Best text-based game: Text-only games—beloved by those who spent their high-school math classes playing Drugwar on their TI-82 calculators—are still around, even though they’re now as anachronistic as floppy disks. Aunts and Butlers embraces this anachronism like no other text game I’ve found. Written by one Robin Johnson, a man who has modified his computer to resemble an old-timey adding machine, Aunts and Butlers features a Wodehousian plot involving miserly aunts, invaluable valets, and delightfully loopy ways to die: “A serial killer leaps out, effects an expert murder upon your person, and buries you on the nearest moor.” Losing a game has never been more charming.

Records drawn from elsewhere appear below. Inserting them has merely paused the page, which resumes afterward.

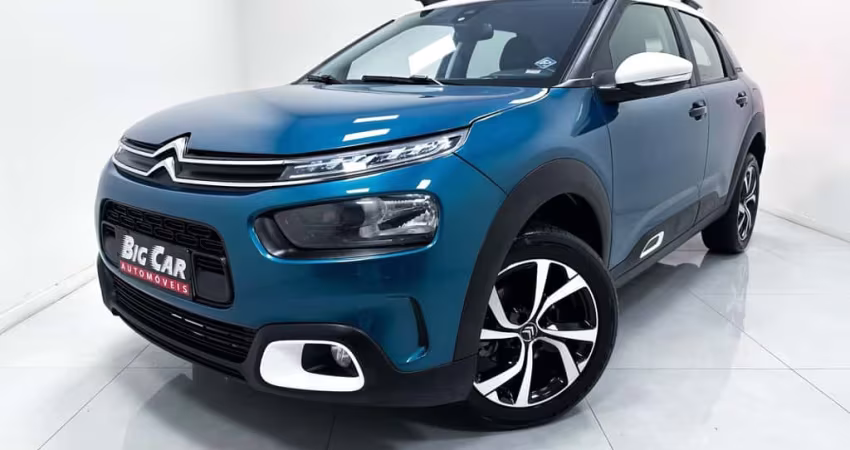 Citroën C4 CACTUS SHINE 1.6 Turbo Flex Aut.  - Azul - 2019/2019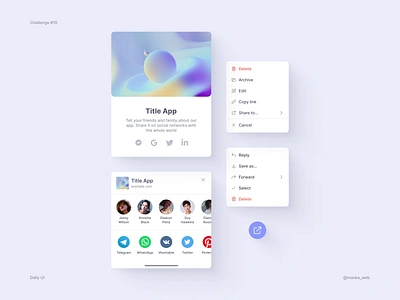 Daily UI – Social Share component library components daily 100 daily 100 challenge daily ui dailyui010 dailyuichallenge design design system figma forms inputs share social share socialmedia ui ux web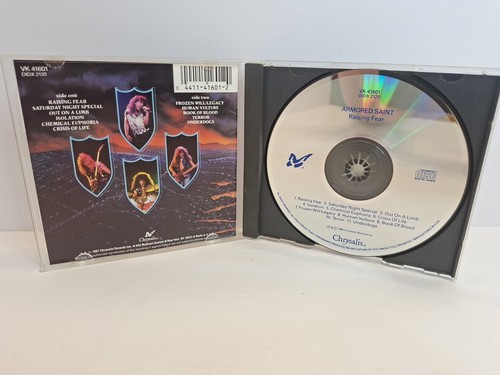 ARMORED SAINT - Raising Fear - CD - 1987 chrysalis records VK 41601 DIDX 2120 - Foto 6 di 14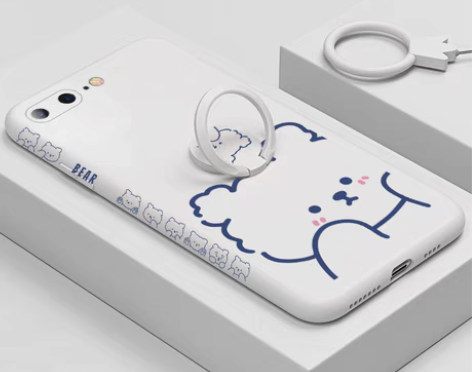 转卖苹果8plus手机壳新品象牙白ipho...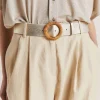 Cintura Adah In Pelle - Oro Chiaro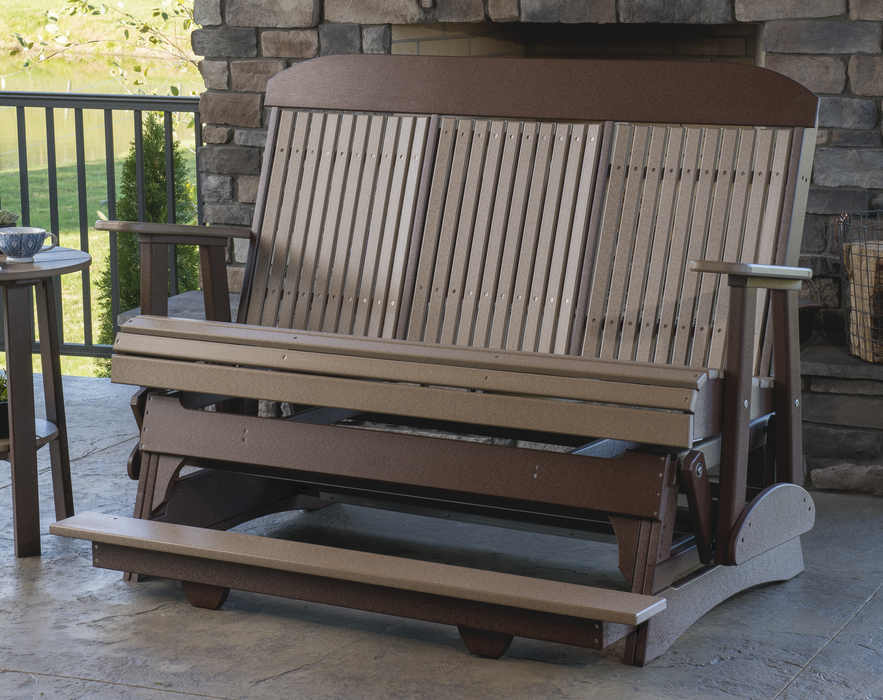 LuxCraft Counter Height Recycled Plastic 5' Classic Balcony Glider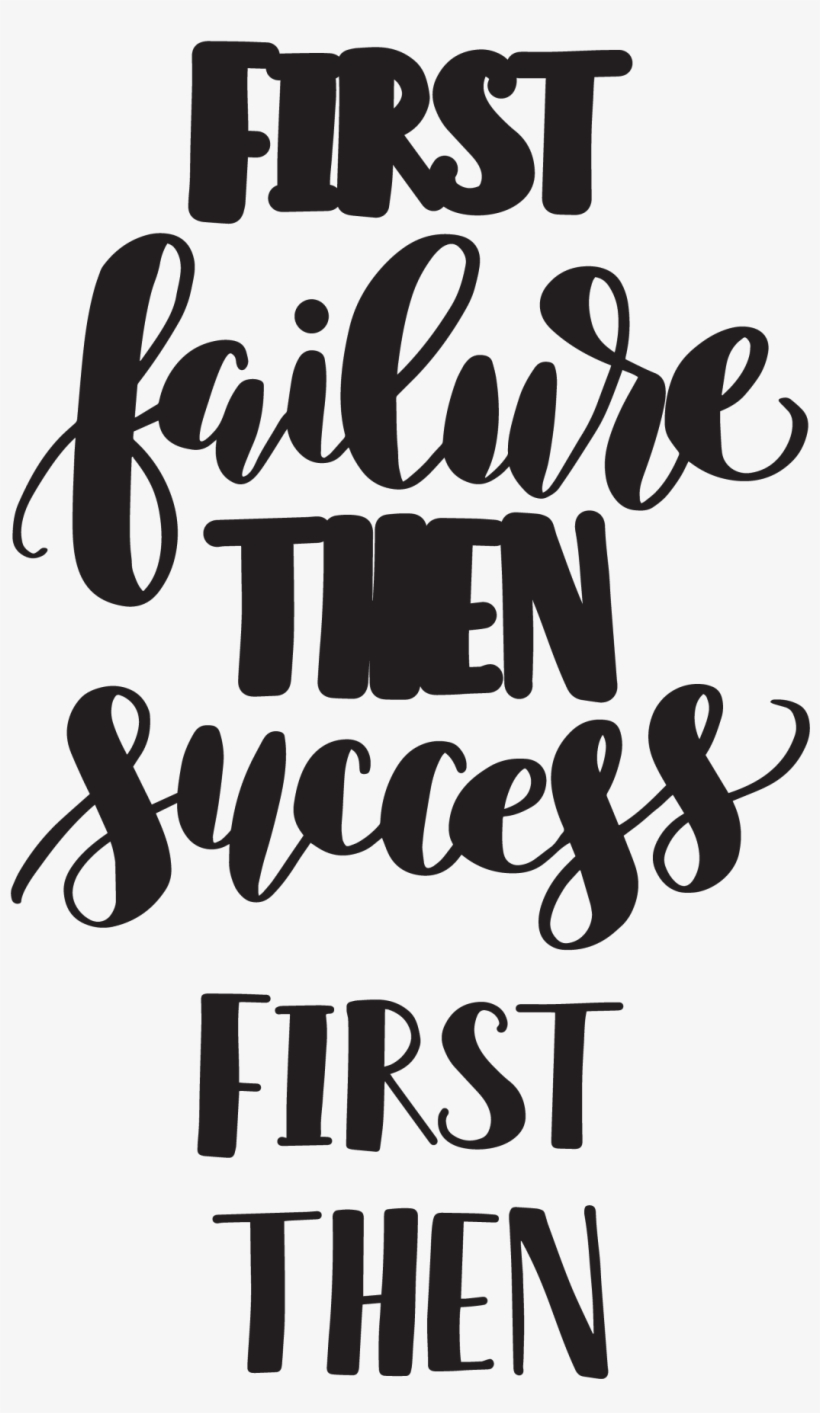 Hand Lettered Success Free Svg Cut File Print - Scalable Vector Graphics, transparent png #604446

Best game with a social conscience: No matter how bad things are going, you could always be a subsistence farmer in Haiti. (To our Haitian subsistence-farming readers: God bless.) Ayiti: The Cost Of Life makes the Oregon Trail look like Candy Land. The game puts you in control of the lives of a Haitian family of five. You have four years to guide the family through a catalog of privations and calamities: hurricanes, robbers, depression, illiteracy, and on-the-job injuries. Ideally, you’ll find education, prosperity, and health, but you’ll probably just come down with malaria and die.

Best game in which I’m a character: Throw Shoes At Stu! (click through to “Arcade”). My friend wrote this game, based upon an independent movie in which I appeared. The object of the game is to throw sandals at my head until I am dead. Don’t trip on any of the boxes that I scatter in my wake, however. If you do, you’ll blast off into space. This really makes more sense if you’ve seen the movie, which you almost certainly have not. It’s still fun to throw shoes at my head, though.